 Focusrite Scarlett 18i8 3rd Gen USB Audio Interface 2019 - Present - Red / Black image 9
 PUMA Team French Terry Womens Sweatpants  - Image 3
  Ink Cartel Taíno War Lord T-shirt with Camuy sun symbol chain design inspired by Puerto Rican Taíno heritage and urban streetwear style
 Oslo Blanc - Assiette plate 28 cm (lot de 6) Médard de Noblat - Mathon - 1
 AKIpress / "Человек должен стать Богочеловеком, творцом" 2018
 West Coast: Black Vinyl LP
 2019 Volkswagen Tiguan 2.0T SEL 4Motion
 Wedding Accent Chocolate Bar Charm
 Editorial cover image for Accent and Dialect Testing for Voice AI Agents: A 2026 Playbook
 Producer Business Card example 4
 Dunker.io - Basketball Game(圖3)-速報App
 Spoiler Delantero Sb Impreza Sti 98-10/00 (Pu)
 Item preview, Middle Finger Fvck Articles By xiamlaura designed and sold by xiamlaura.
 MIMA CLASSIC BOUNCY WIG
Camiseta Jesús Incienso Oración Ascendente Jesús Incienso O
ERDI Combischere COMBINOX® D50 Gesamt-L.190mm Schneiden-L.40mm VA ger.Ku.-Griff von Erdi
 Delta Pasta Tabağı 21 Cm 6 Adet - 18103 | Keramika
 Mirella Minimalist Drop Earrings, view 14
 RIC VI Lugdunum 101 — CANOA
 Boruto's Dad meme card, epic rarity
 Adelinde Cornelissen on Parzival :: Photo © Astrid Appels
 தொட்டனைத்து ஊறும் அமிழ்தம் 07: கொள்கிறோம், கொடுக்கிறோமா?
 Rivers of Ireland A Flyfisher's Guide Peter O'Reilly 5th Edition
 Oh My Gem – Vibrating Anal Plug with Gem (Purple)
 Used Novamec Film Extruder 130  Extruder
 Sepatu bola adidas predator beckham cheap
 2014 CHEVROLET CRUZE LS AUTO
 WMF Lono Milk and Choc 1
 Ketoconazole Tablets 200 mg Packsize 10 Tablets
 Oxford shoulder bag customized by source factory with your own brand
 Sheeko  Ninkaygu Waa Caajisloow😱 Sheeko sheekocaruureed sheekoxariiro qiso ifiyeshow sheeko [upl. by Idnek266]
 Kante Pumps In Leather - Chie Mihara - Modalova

## EXERCISE BRIEF
Take every line from the data that includes the word "Black".

## OUTPUT BELOW
 Focusrite Scarlett 18i8 3rd Gen USB Audio Interface 2019 - Present - Red / Black image 9
 West Coast: Black Vinyl LP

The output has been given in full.